E di ingratitudine potrebbero trasudare quelle carte dove non c'è solo il genio di Fellini, ma il racconto del gioco collettivo che fa nascere e crescere il cinema di Fellini. Capita allora che su uno dei fogli della "Dolce vita" qualcuno (Flaiano presumibilmente) scrive: "Appunti da ricordare. L'informatore frocio: primo piano di personaggio sconosciuto che racconta a Marcello maldicenze, informazioni di natura scandalistica. Servizio notturno al Giardino Zoologico con le indossatrici spettrali. Foro Mussolini per Anita Ekberg? Macchina coi sedili foderati di pelle di tigre. Un microfono in mano dei bambini. Un'indossatrice che fa lo yoga. BRONTOLIO MINACCIOSO. La guerra, i comunisti, i marziani, la MORTE?". Più, scritto a penna, "Il telefono (Emma e le altre telefonano). Gioco della verità".

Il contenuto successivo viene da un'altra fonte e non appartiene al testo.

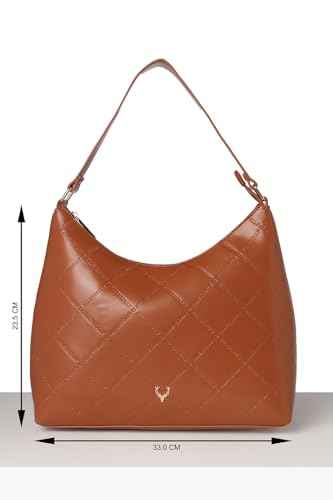 Allen Solly Women's Western (Brown)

E adesso, pensa Cecilia Mangini, che si fa con tutto questo ben di Dio? Chi ha scritto gli appunti? Perché tutte queste diverse calligrafie? Cosa vorrà mai dire quel soggetto di "8 e 1/2" firmato "Flaiano, Fellini e il Nonno"? Chi è "il Nonno"? Uno scherzo? Un riferimento a nonno Freud? Un terzo autore di cui non si sapeva niente? Cecilia capisce al volo l'insostenibile peso di tanto ritrovamento: e soprattutto capisce che ci vuole uno studioso per venire a capo di tutti i rebus. Uno come Fabrizio Natalini, docente all'Università di Roma Tor Vergata, vero archeologo del cinema italiano, appassionato di incartamenti e di sceneggiature, e autore di una biografia di Flaiano ("Ennio Flaiano: Una vita nel cinema", Artemide, 2005), che alla Mangini è piaciuta molto in quanto "ritratto reale e sincero dell'epoca", che lei conosce decisamente bene.

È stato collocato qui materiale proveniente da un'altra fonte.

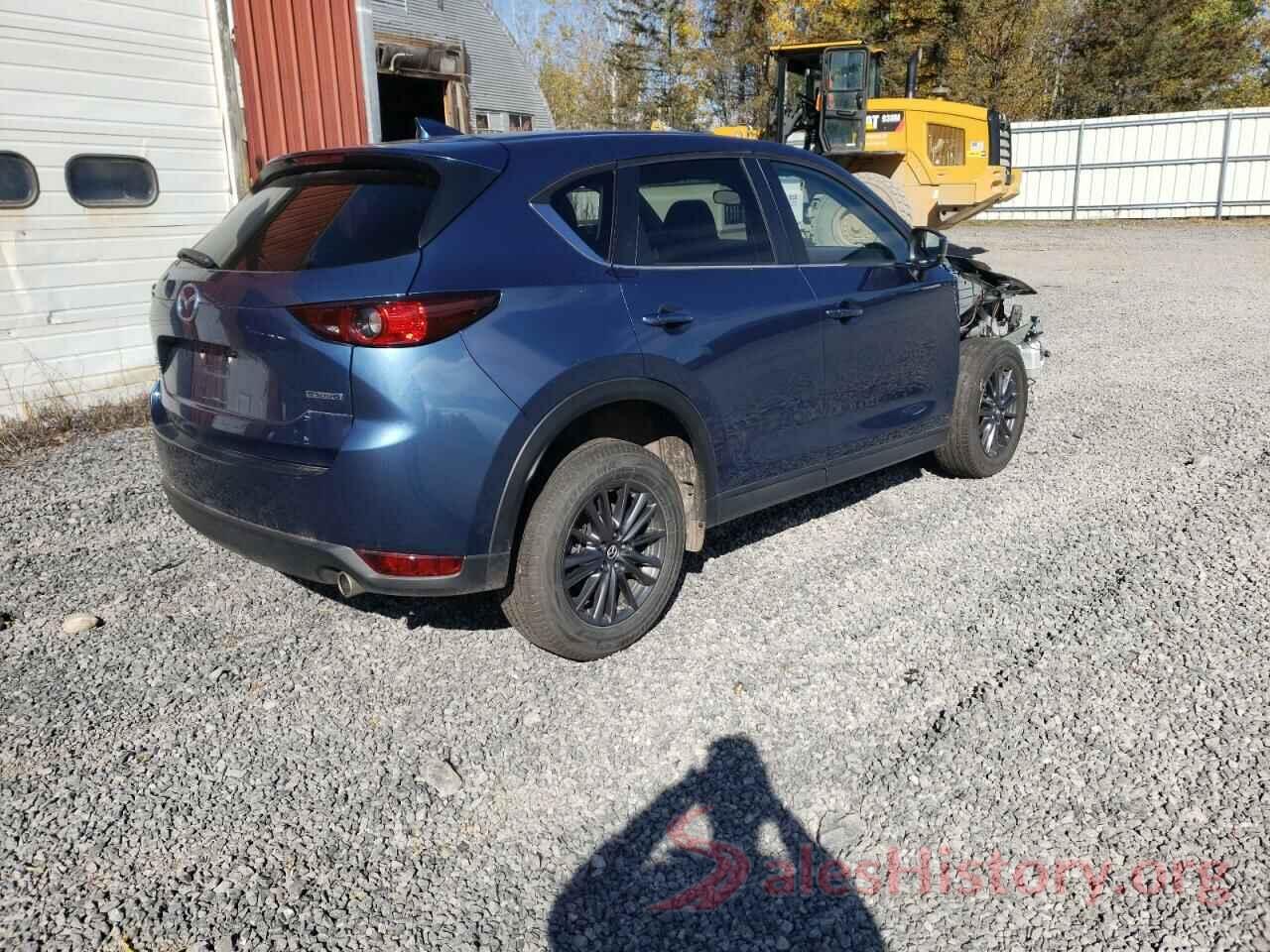 JM3KFBCM7L0821495 2020 MAZDA CX-5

Dunque, preso in mano il faldone, Natalini si tuffa in una prima e sommaria ricerca. Dai fogli stinti, dai dattiloscritti macchiati di caffè e da quelle veline ingiallite arrivano fantasmi di personaggi che sullo schermo non hanno preso corpo o sono stati completamente trasformati. Ed ecco Steiner: uomo chiave della "Dolce vita", l'amico melomane di Marcello con i Morandi appesi in casa, interpretato da Alain Cuny che morirà suicida dopo aver ucciso i figlioletti. Nella prima versione nascosta nel faldone di Cecilia, Steiner è invece un ex professore di matematica, anziano pensionato che vive in dignitosa povertà a Ostia. Marcello è sedotto dalla serenità e purezza della sua vita e della sua mente, ancora persa dietro la stretta e infallibile logica dei numeri. Passa volentieri le giornate con lui conversando e pranzando a latte e insalata. Fino al giorno in cui, arrivato a Ostia, scopre che quell'uomo olimpico si è suicidato.

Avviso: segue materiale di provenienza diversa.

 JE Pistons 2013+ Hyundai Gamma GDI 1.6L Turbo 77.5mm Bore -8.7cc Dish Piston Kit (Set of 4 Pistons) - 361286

Ora la domanda è: come e chi ha trasformato questa specie di "Umberto D" nell'intellettuale altoborghese che vediamo nel film e che fu catalogato dalla critica colta come "Alter Christus" che riscatta i personaggi dalla loro falsità e aridità spirituale, sacrificando se stesso? Anche la Maddalena di Anouk Aimée ha ben poco da vedere con la figura originaria. Nella prima versione alla voce "presentazione dei personaggi" Maddalena si chiama Rosy, ed è una ragazza severa, studentessa comunistoide, attiva e molto bella. Sul set della"Dolce vita" resterà solo "molto bella".

E che fine fa l'idea di Flaiano di portare Anita Ekberg al Foro Mussolini? Riappare un paio di anni dopo negli incubi del dottor Antonio di "Boccaccio '70", oniricamente ossessionato dall'Anitona gigante fasciata nelle paillettes nere tra i portici dell'Eur. Perché una cosa è certa: comunque finisca l'interpretazione di questa cinematografica Stele di Rosetta, quel che verrà fuori è il ruolo insostituibile di menti geniali come Flaiano e Pinelli, senza i quali Federico Fellini non sarebbe stato Fellini. E che inseminarono d'idee non solo i suoi primi film, ma anche quelli a venire. Lui lo sapeva e forse in cuor suo non poteva sopportarlo.